Il radiatore ad olio rappresenta una valida alternativa ad un termoventilatore o ad un impianto di riscaldamento classico. Ovviamente ha sia pregi che difetti, ma in alcune situazioni può tornare molto utile.

Il funzionamento di base è semplice e non richiede alcuna preparazione particolare da parte dell’utilizzatore, che dovrà semplicemente attaccare la spina alla presa di corrente ed accenderlo tramite l’apposito pulsante che varia in base al modello. Una volta fatto ciò, il radiatore ad olio comincerà a funzionare fin da subito in autonomia.

La meccanica sulla quale si basa è molto semplice: all’interno dell’elettrodomestico sono presenti una resistenza ed una vaschetta di olio, ovvero una sostanza chimica e di consistenza molto viscosa. Quando la corrente elettrica raggiunge la resistenza questa sprigiona calore, l’olio si scalda e di conseguenza si alza la temperatura delle colonne in metallo, che sono munite di alette per rilasciare il calore nell’ambiente circostante.

Principali pregi del radiatore ad olio

Una delle caratteristiche più comode, paragonato ad altri tipi di stufe elettriche, è la silenziosità. L’elettrodomestico opera generalmente in quasi totale assenza di rumore, dato che non sono presenti ventole come nei termoventilatori o ingranaggi rumorosi. Questo fa si che si possa utilizzare senza problemi in ambienti e in situazioni in cui anche il minimo rumore recherebbe fastidio.

C’è però un’altra caratteristica molto importante da valutare: riesce a mantenere il calore nell’ambiente per molto tempo. Questo è merito dell’olio presente all’interno, il quale, al contrario dell’acqua, ha un’alta inerzia termica. Ciò vuol dire che il tempo di raffreddamento è molto più lungo, di conseguenza continuerà a sprigionare calore per un tempo maggiore. Come controparte, si necessita di più tempo affinché la temperatura nella stanza raggiunga i livelli desiderati.



Infine ogni modello in commercio possiede degli optional più o meno importanti che possono tornare utili relativamente alle esigenze. Alcune stufe ad olio sono dotate di display LCD per poter sempre avere sott’occhio la temperatura anche in ambienti bui o poco luminosi. Altre stufe offrono, e questo può essere un fattore che fa la differenza, una funzione di timero di antigelo: nel primo caso è possibile regolare un timer che, una volta avviato, accende o spegne l’apparecchio negli orari predefiniti, mentre nel secondo caso è presente una soglia di temperatura minima (generalmente 5 gradi) sotto alla quale non vogliamo scendere, così che la stufa si azioni da sola quando la rileva.

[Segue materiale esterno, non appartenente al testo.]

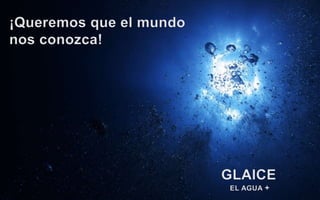  Glaice mucho mas que agua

Come scegliere un radiatore ad olio

Il prezzo non è un fattore così limitante nella scelta, perché in commercio sono presenti prodotti validi a prezzi modici (circa 60 €). E’ importante invece decidere dove e come si userà l’elettrodomestico e qual’è la dimensione dell’ambiente che dobbiamo riscaldare.

Se si prevede di usare un elettrodomestico per riscaldare la camera da letto durante la notte, il radiatore ad olio può essere la scelta perfetta vista la sua silenziosità. Non è da sottovalutare anche l’aspetto estetico che in molti modelli è decisamente apprezzabile, e che quindi rende l’apparecchio utilizzabile anche in ambienti più “trafficati”, come un ufficio pubblico, un ristorante o qualsiasi impresa commerciale.

La potenza varia da modello a modello, ma riesce generalmente a riscaldare stanze di 40-55 mq senza problemi.

Anche dal punto di vista del consumo, se utilizzato con ragionevolezza e con un minimo di attenzione, può portare ad un risparmio sulla bolletta. Il fatto che l’olio si raffreddi più lentamente e che il calore continua ad essere rilasciato nell’aria per un tempo prolungato, fa sì che possa essere scollegato dalla presa quando raggiunge un’alta temperatura ma che si continui a beneficiare del calore che sprigiona.

E’ chiaro che gli aspetti positivi non mancano, sta all’acquirente valutare pro e contro in merito all’uso previsto.